The new mechanism hinges on heat-shocked crystalline dust grains, which somehow migrated from where they were created — presumably close to the Sun — to the outer Solar System. By implication, the same process should occur around other young stars.
A trio of past hypotheses had been proposed to explain the migration, but none of them quite fit. They included, according to physicist Dejan Vinkovic of the University of Split in Croatia, turbulent mixing, ballistic launching of particles in a dense wind created by interaction of the accretion disk with the young star’s magnetic field (called the X-wind model), and mixing mediated by transient spiral arms in marginally gravitationally unstable disks. Vinkovic is lead author on one of the Nature papers.
“The turbulent mixing requires a source of efficient turbulent viscosity and the magnetorotational instability is invoked as the most promising candidate, but large stretches of the disk are considered not sufficiently ionized to keep this instability active,” he wrote. “The X-wind model relies on the theoretical notion of magnetic field configurations in the immediate vicinity of pre-main-sequence stars and high hopes are put on future observations to resolve this predicament.”
And finally, “The spiral arms model is in the domain of discussions on whether the underlying numerics, physical approximations and assumptions about the initial conditions are realistic enough to make results plausible.”
In the other paper, Peter Abraham of the Hungarian Academy of Sciences and his colleagues find the signature of crystalline dust after a young star flared, whereas archival data showed no sign of it before the flare.
The Vinkovic paper investigates the mixing of large crystalline dust particles in the protoplanetary nebula around the young Sun.
The force produced by the light shining on an object is a well known phenomenon called radiation pressure. We do not feel it in daily lives because we are too massive for this effect to be noticeable. For very small particles, on the other hand, this force can be larger even than the gravity that keeps particles in the orbit around the star. Investigations have been focused so far only to the radiation pressure due to the starlight. The results showed that individual grains would not travel far and would be pushed deeper into the disk.

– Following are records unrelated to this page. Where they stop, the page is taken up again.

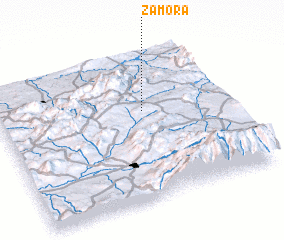 3d view of Zamora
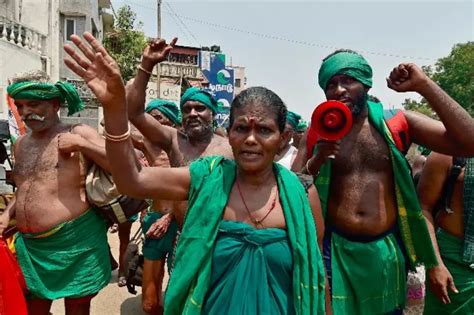 Tamil Nadu Farmers Threaten To Resume Protest After State Government ...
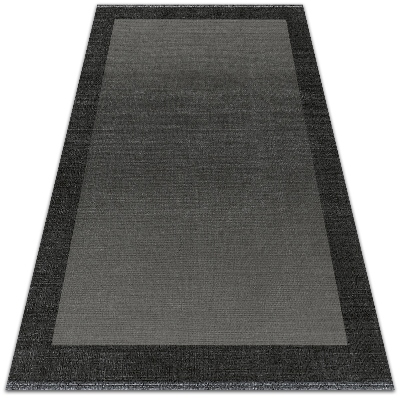 Vanjski tepih Sivi okvir
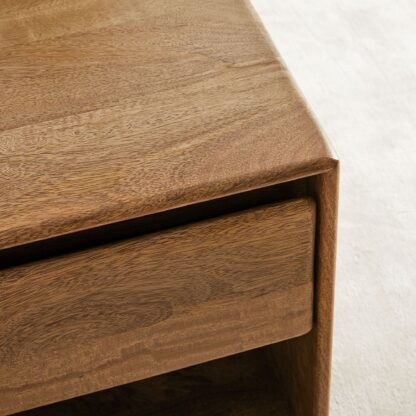 Aura Storage Coffee Table Teak Solid Wood CV Aqma Furniture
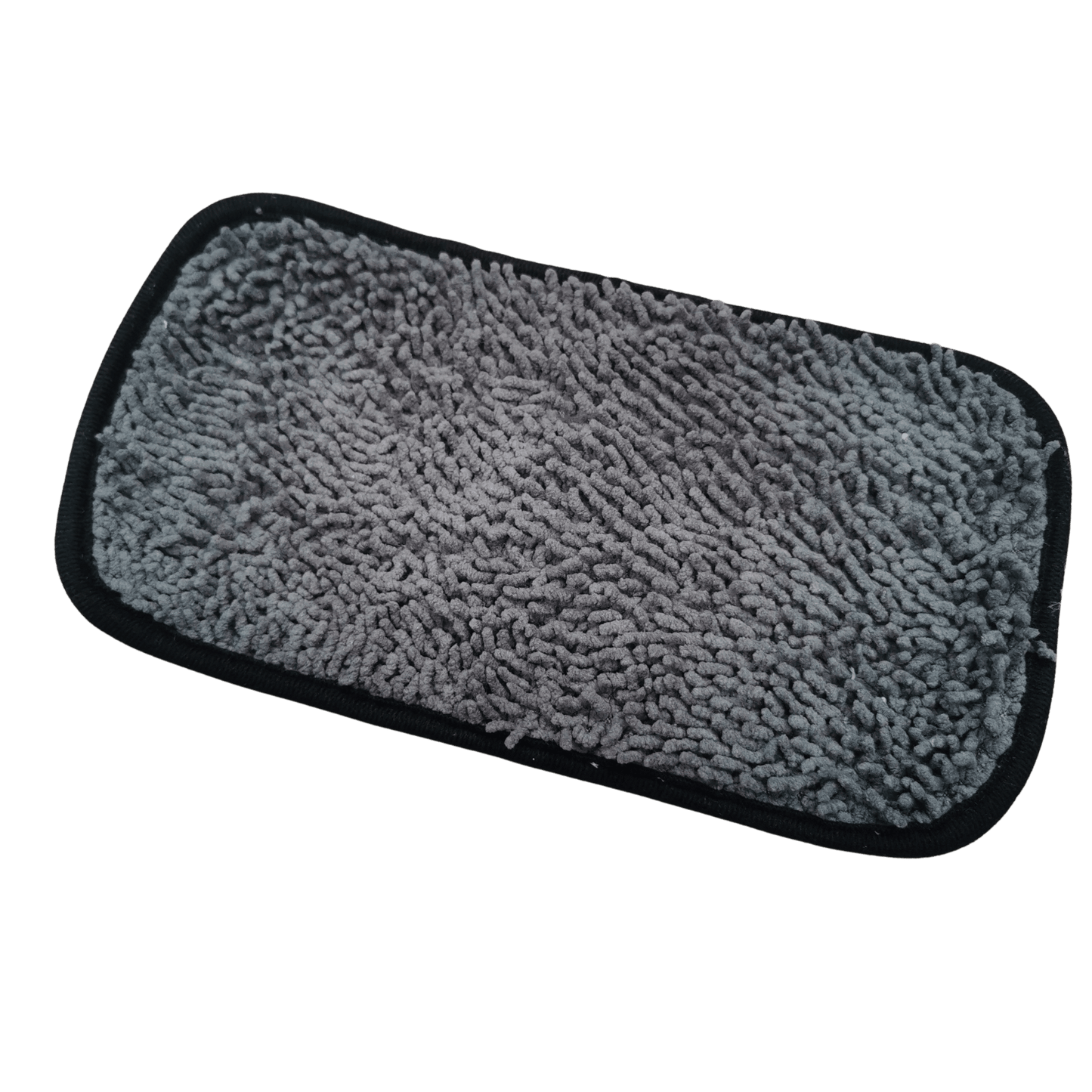 deck devil deluxe chenille wash pad, fits onto swivel base pad for cleaning with the system NZ for easy cleaning of delicate smooth surfaces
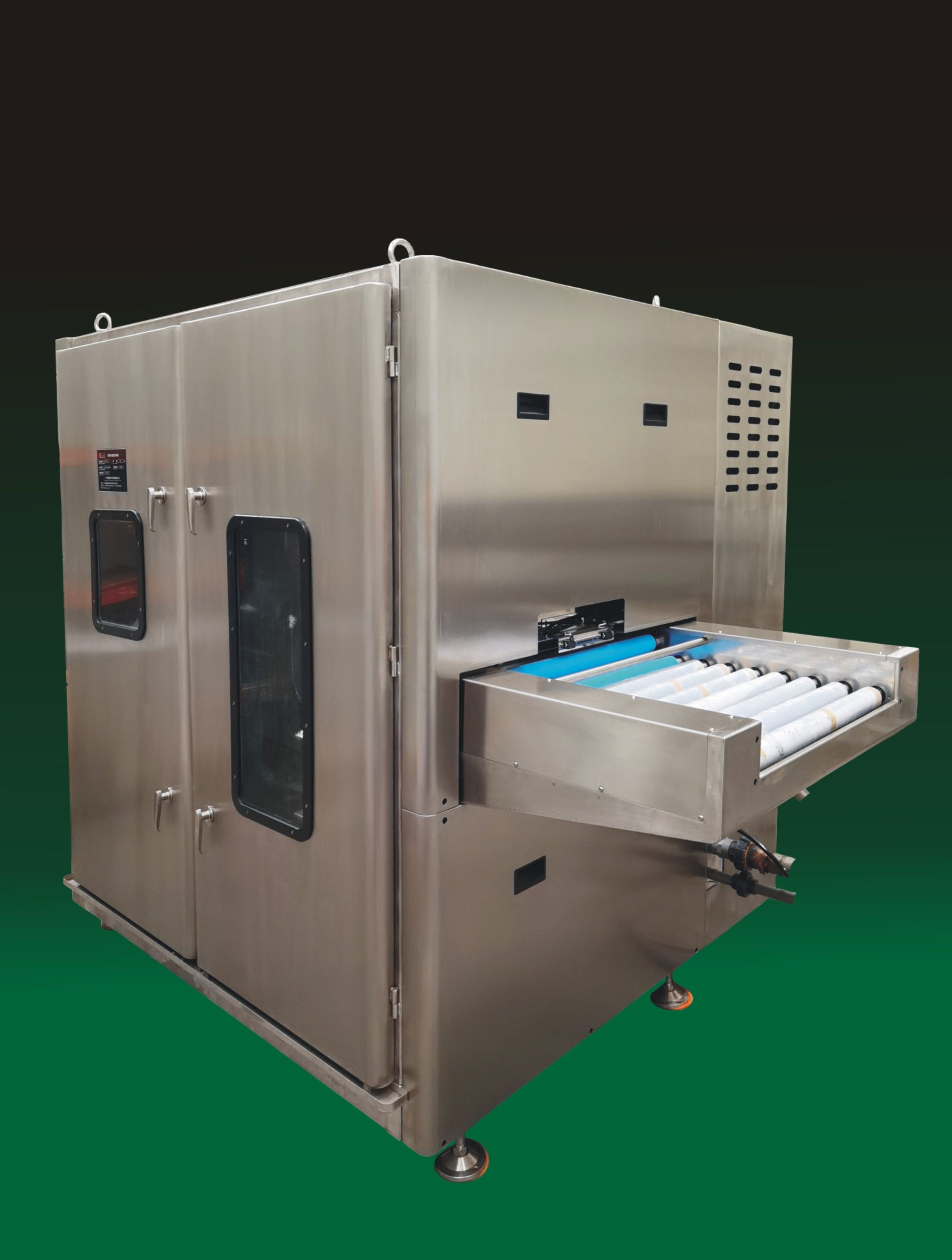 JAS610L2三軸對磨式砂帶機 - 1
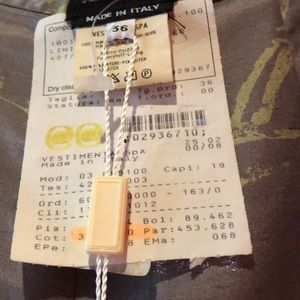 Giorgio Armani Pants, NWT, 100% silk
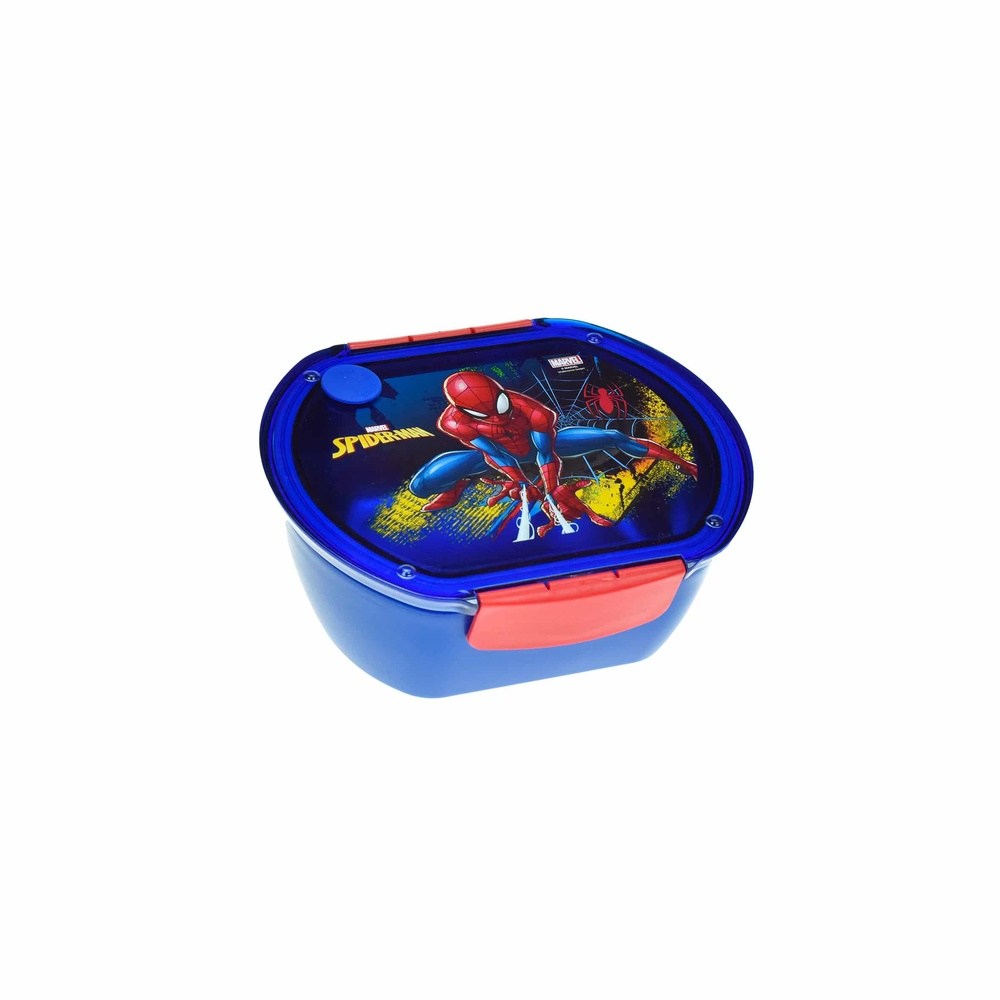 Gim Δοχειο Φαγητου Ss 680Ml Spiderman Blue Net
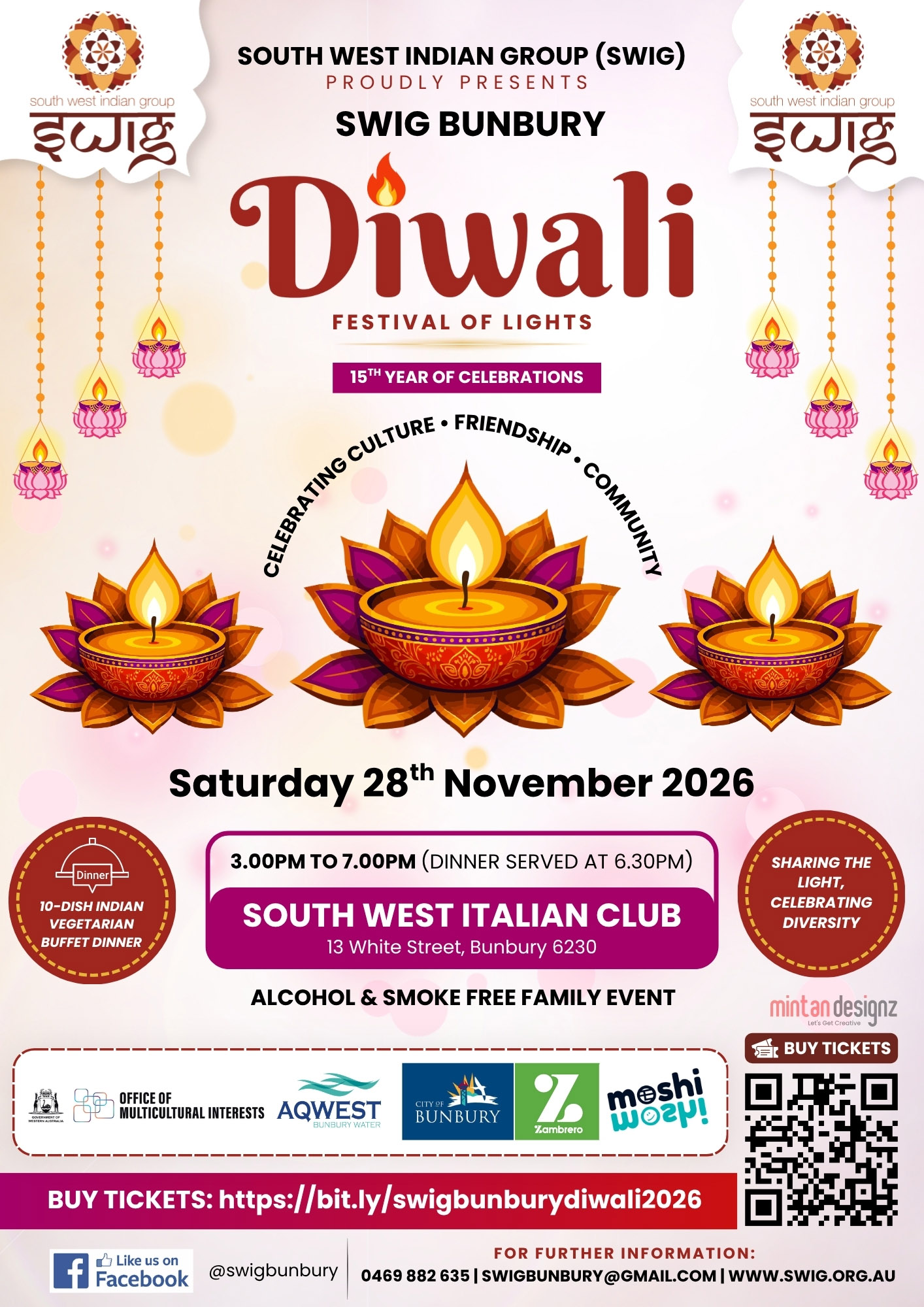 Diwali – Festival of Lights – 28th November 2026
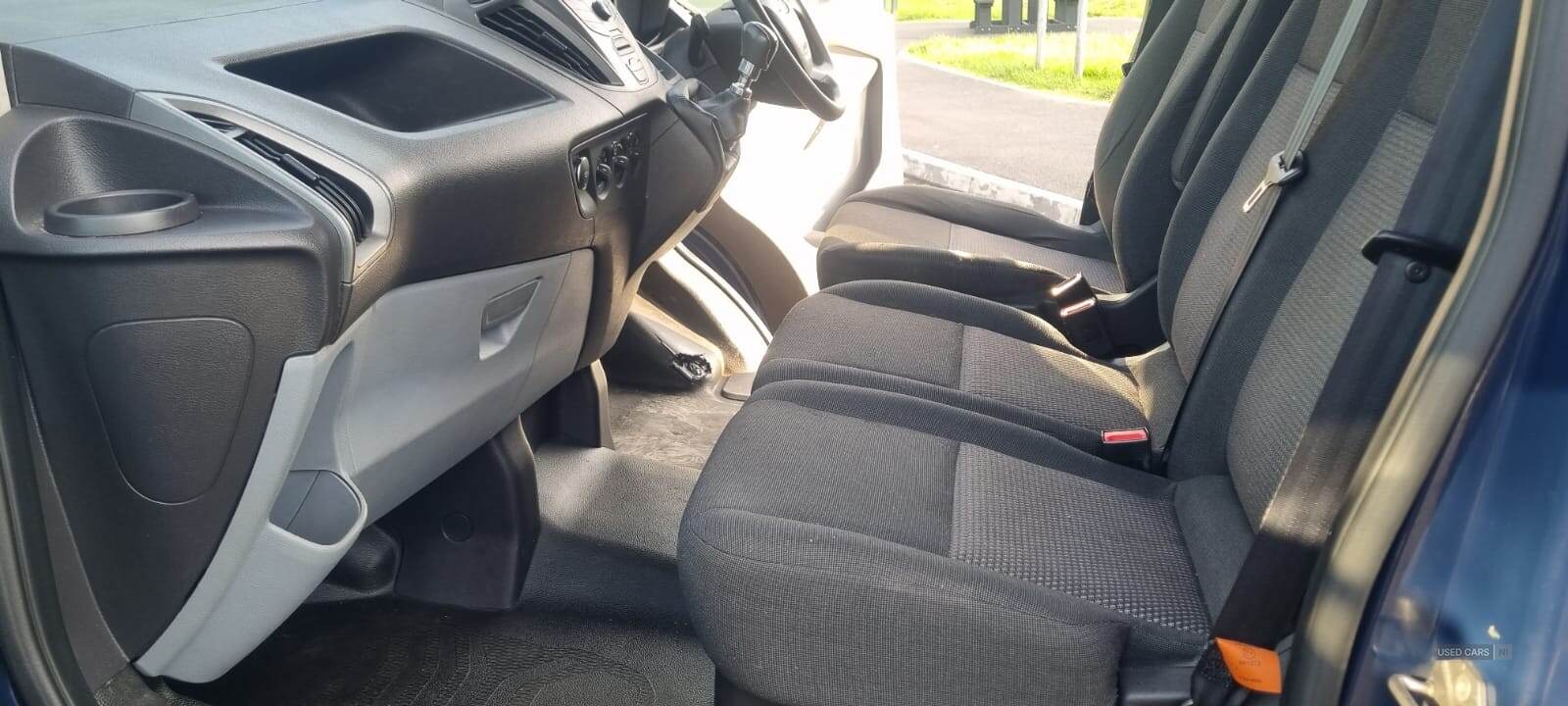 Aug 2014 Ford Transit Custom 2.2 TDCi 100ps Low Roof Van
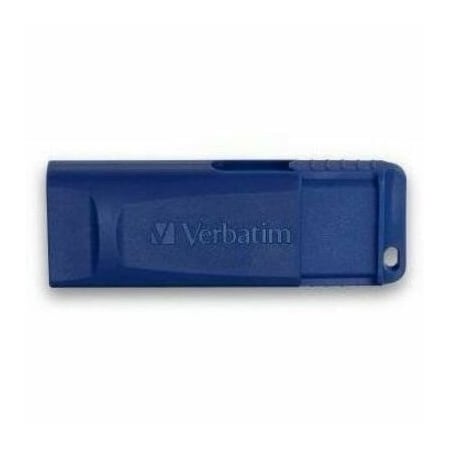 Verbatim USB Flash Drive, Blue, 64 GB 98658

Vinkovic reports that infrared radiation arising from the dusty disk can loft grains bigger than one micrometer out of the inner disk, where they are pushed outwards by stellar radiation pressure while gliding above the disk. Grains re-enter the disk at radii where it is too cold to produce sufficient infrared radiation pressure support for a given grain size and solid density.
However, Vinkovic points out that it is not only the star, but also the disk that shines. When studying effects on protoplanetary dust grains larger than one micrometer, which is comparable to the particle size of cigarette smoke, Vinkovic has discovered that the intense infrared light from the hottest regions of the protoplanetary disk is capable of pushing such dust out of the disk. Infrared radiation is what we can feel as “heat” on our skin. Combination of radiation pressure from the star and the disk creates a net force that enables dust grains to surf along the disk surface from inner to outer regions of the disk.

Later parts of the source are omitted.